The Hadoop Distributed File System (HDFS) is typically part of a Hadoop
cluster or can be used as a stand-alone general purpose distributed file
system (DFS). Several high-level functions provide easy access to
distributed storage.
DFS_cat is useful for producing output in user-defined
functions. It reads from files on the DFS and typically prints the
output to the standard output. Its behaviour is similar to the base
function cat.
DFS_dir_create creates directories with the given path names if
they do not already exist. It's behaviour is similar to the base
function dir.create.
DFS_dir_exists and DFS_file_exists return a logical
vector indicating whether the directory or file respectively named by
its argument exist. See also function file.exists.
DFS_dir_remove attempts to remove the directory named in its
argument and if recursive is set to TRUE also attempts
to remove subdirectories in a recursive manner.

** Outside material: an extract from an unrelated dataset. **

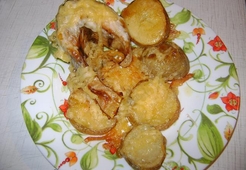 Горбуша, запеченная с картошкой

DFS_list produces a character vector of the names of files
in the directory named by its argument.
DFS_read_lines is a reader for (plain text) files stored on the
DFS. It returns a vector of character strings representing lines in
the (text) file. If n is given as an argument it reads that
many lines from the given file. It's behaviour is similar to the base
function readLines.
DFS_put copies files named by its argument to a given path in
the DFS.
DFS_put_object serializes an R object to the DFS.
DFS_write_lines writes a given vector of character strings to a
file stored on the DFS. It's behaviour is similar to the base
function writeLines.